Today was the last workday of the school year. After work, Jamie, Karina and I headed to Applebees for a celebratory drink and I was telling them a couple cool things that had happened today in which two grading dilemmas worked themselves out in amazing ways. Jamie was remarking on how my life just seemed to work out in such ways, and I should really play the lottery. This suggestion was reinforced when the total for my bill came to 7.77. The girls insisted I go buy a lottery ticket immediately.
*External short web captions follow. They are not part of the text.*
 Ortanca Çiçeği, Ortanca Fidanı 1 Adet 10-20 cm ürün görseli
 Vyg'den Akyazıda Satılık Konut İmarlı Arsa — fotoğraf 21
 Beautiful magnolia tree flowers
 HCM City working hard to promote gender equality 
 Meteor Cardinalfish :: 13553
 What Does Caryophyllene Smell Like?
I never play the lottery and I had no idea how to go about it and asked Jamie to go with me. We burst into the store, giddy as two girls who are officially out of school (even though we are teachers) and who have high expectations of winning the lottery. I remarked that I had just missed a call from my dad, to which Jamie replied, "Don't tell him you are gambling." Little did she know how accurate she was -- my father is staunchly opposed to playing the lottery, or even playing games at the fair because he considers it gambling. (I just consider it a donation to the tax base.) "Oh, yeah," I agreed with Jamie, hitting the button to play dad's voicemail. Because my phone, for some ungodly reason, defaults voicemails to speaker phone, dad's voice suddenly blared out into the store, "Hey, sweetheart!" I hastily clicked off the speaker, and looked just in time to see a man chuckling with laughter. He had apparently been listening to us from the moment we walked in.
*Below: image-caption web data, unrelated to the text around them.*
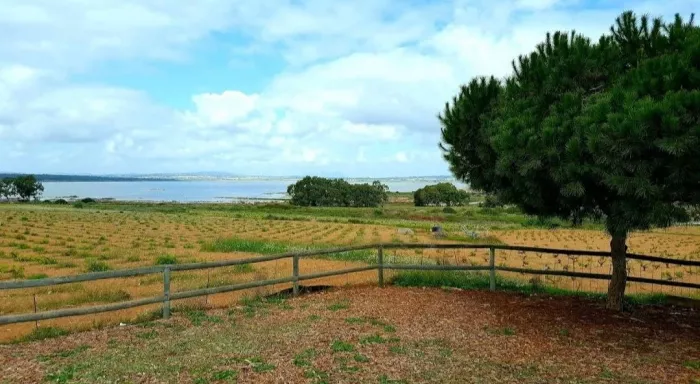  Природный заповедник "Парк Натураль де Лас Лагунас де Ла Мата и Торревьеха"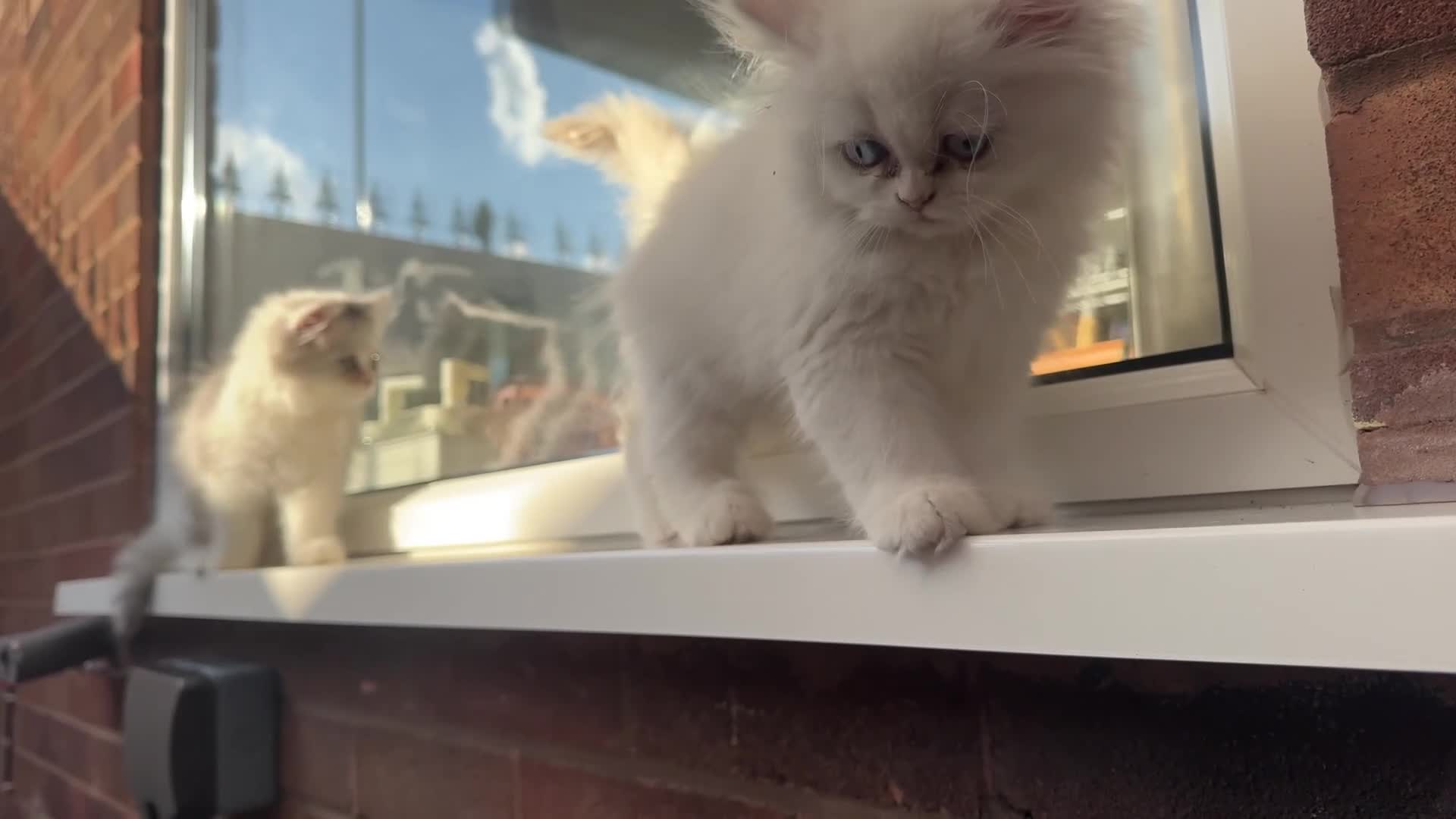 Persian cats for sale: Lovely Persian cats  - Video 2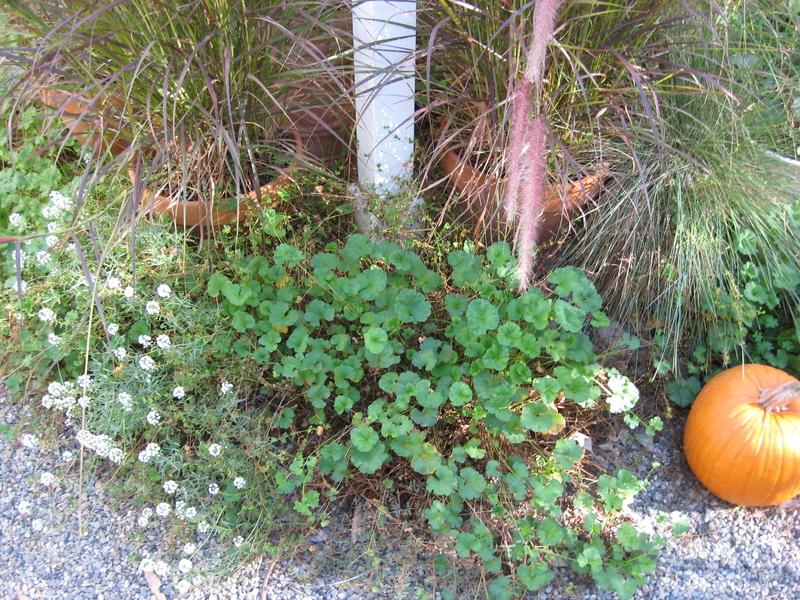 Photo of Storksbill (Pelargonium grossularioides 'Coconut') uploaded by wcgypsy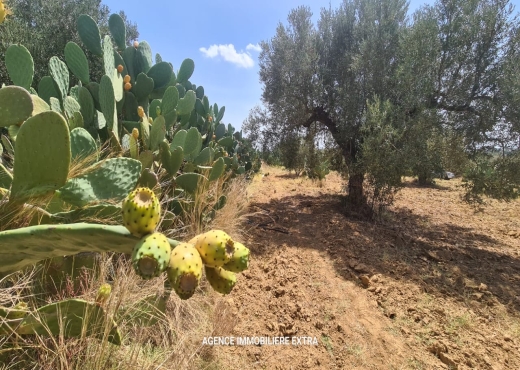 Campagne à el hwaria de Nabeul - image 2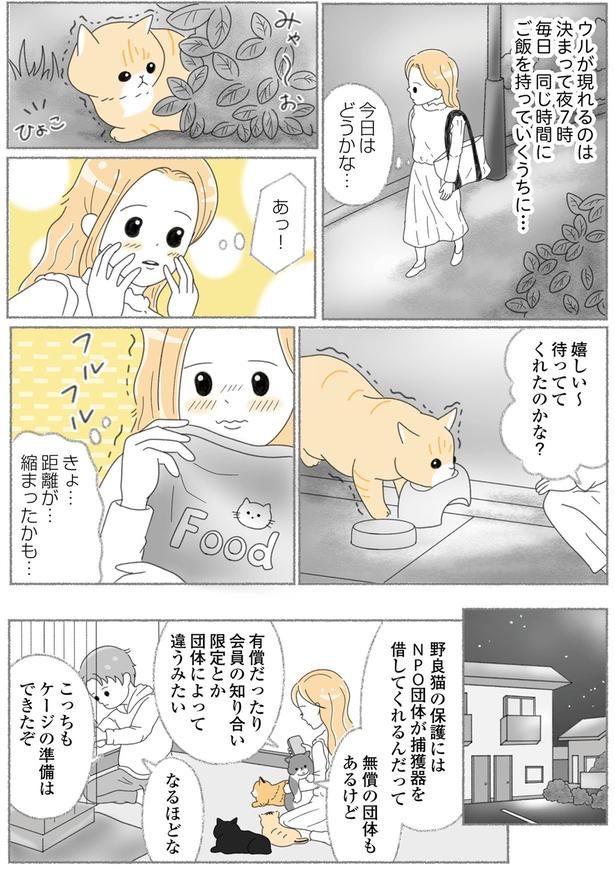 待っててくれたのかな？ （C）ゆきよみ、にゃんかつ／KADOKAWA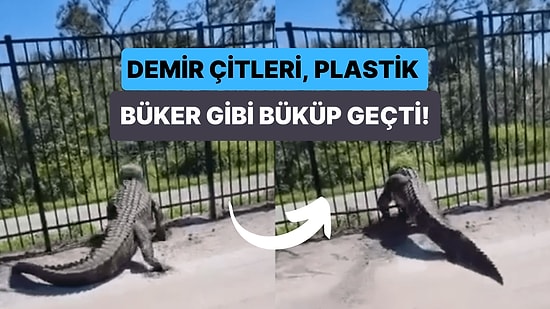 Hiç Zorlanmadan Demir Çitleri Büküp Geçen Godzilla Lakaplı Timsahın İzleyenleri Şaşkına Uğratan Görüntüleri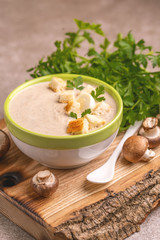 Fototapeta na wymiar Tasty pureed mushroom soup in clay bowl with ingredients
Anyway, Jamie helped me pick the ticket and told me I had to pick the numbers to keep the good "mojo." We have all three planned for years now that when one of us wins, we will retire the other two. Karina wants to open a bakery, Jamie wants to open a bar, and I want to be a writer, but I wouldn't mind owning a bookstore. One of our other colleagues recently speculated on how much money we could make by running a brothel which a good many students we know would willingly staff. With our four businesses combined, we could call it "Bakery, Books, Boobs and Beer." But one-stop shops tend to lack a specific ambience. And I would rather stay at home and write anyway.
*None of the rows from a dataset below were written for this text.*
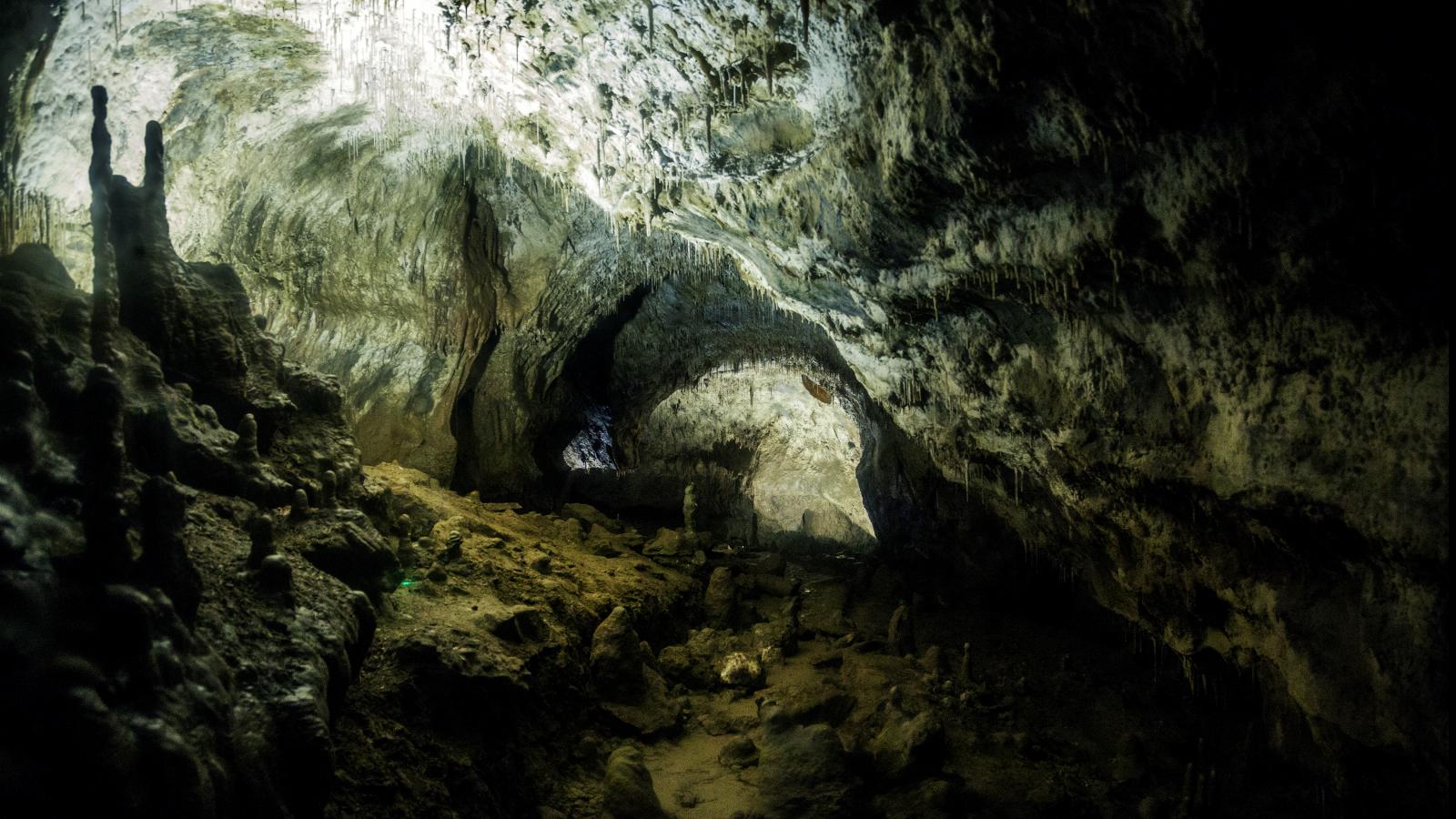 https://mdw-travel-data-us-east-1.s3.amazonaws.com/img/country/Ireland/Crag-Cave/img_03.jpg
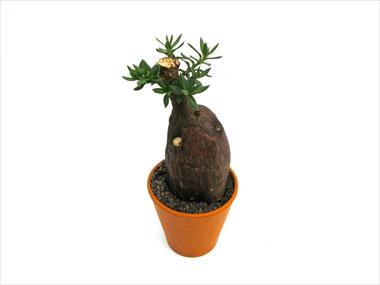photo of flower to be used as: Pot Cactus Caudex pachypodium bispinosum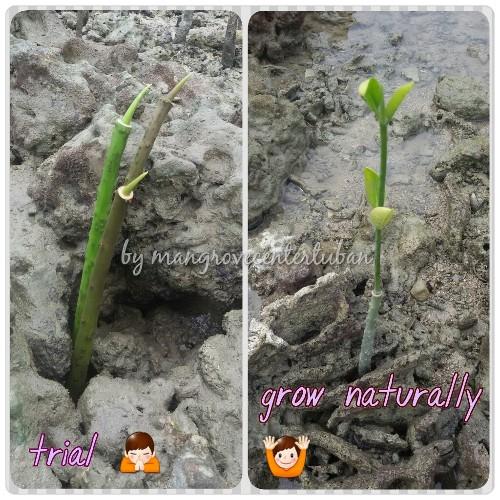 tubanmangrove's profile picture. Yayasan Mangrove Center Tuban l Jl Raya Tuban Semarang Km.9 Desa Jenu Kec. Jenu Kab.Tuban l tubanmangrove@gmail.com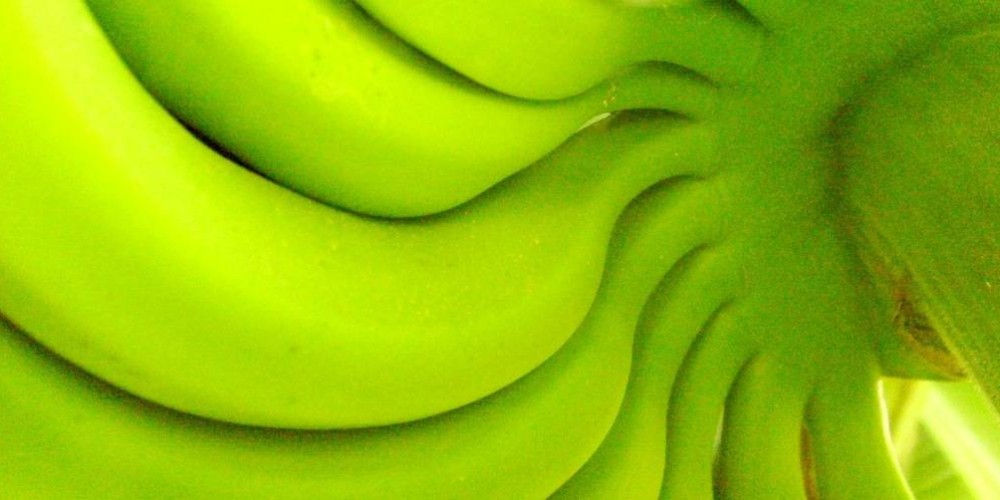 Health benefits of green banana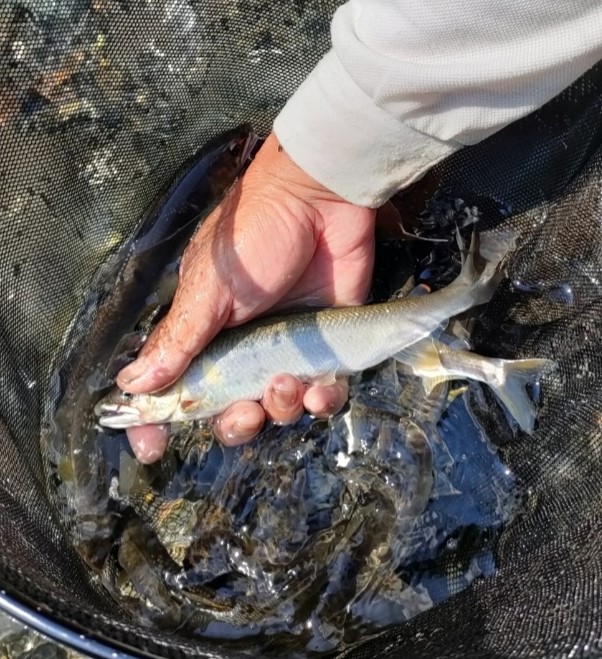 ９月１０日　８：２０更新　川のようす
So I told Jamie what a bad influence she was on me, bought my ticket, and returned to my truck to find the front driver window was down and won't come back up. I thought about this all the way home as the wind whipped my hair and roared annoyingly in my ears. Today was supposed to be about GOOD mojo. So why did my window break right when I bought a ticket? I brushed aside my misgivings and played the song Perfect Day by Hoku.
I probably won't win the lottery tomorrow, but today it was fun pretending I will. Either way, I have to get my window fixed. But if you think about it, it broke on my last day of work, so I have plenty of time to get it fixed. That's pretty lucky.